Leading Edge of Patient Safety

In a thought-provoking exercise, eight thought leaders imagined patient safety in 2025. [74] Their perspectives cover wide ranging topics such as the true embedding of safety culture throughout all of healthcare, the design of the healthcare system, the design of the physical design of healthcare environments, technology that supports both personal health records and a multitude of smart devices, truly patient-centered care with fully activated and engaged patients and families, comprehensive strategies to use simulation to maximize patient safety, and the elimination of risk associated with transitions.
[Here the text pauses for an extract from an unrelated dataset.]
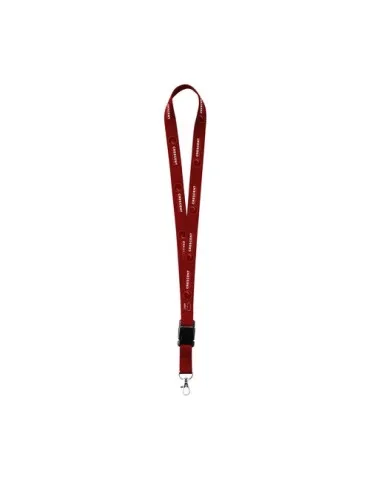 Lanyard Sublimation Buckle RPET 2 cm tour de cou 2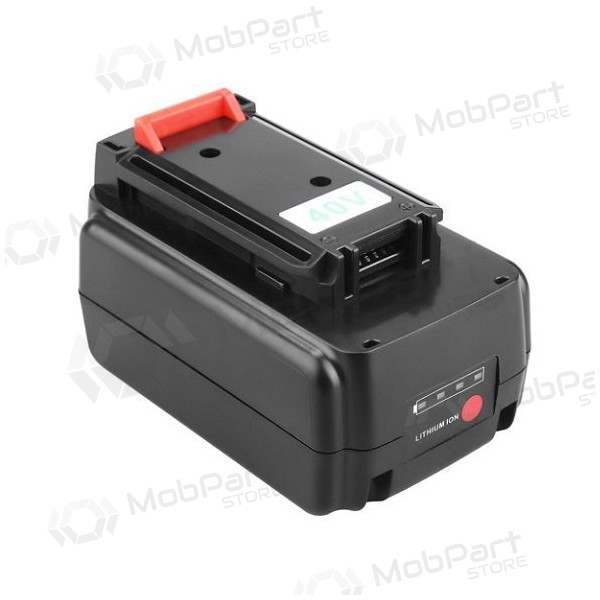 Batería Black+Decker LBX36 para herramientas de 40V 2Ah 80Wh Li-ion (reemplazo)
All shared, however, that no one change alone could truly improve safety. Commenting on this exercise, Dixon-Woods and Pronovost observed, “While these visions include new approaches and definitions for the concept of transitions in care (for example, admission and discharge), they fail to provide a specific vision for patient safety across the entire continuum of care from the patient’s home to the clinic to the hospital. Eliminating harm from health care cannot be achieved by any single health care organization but requires the multiple groups acting in concert across the entire spectrum of health care including payors, regulators, manufacturers” [75].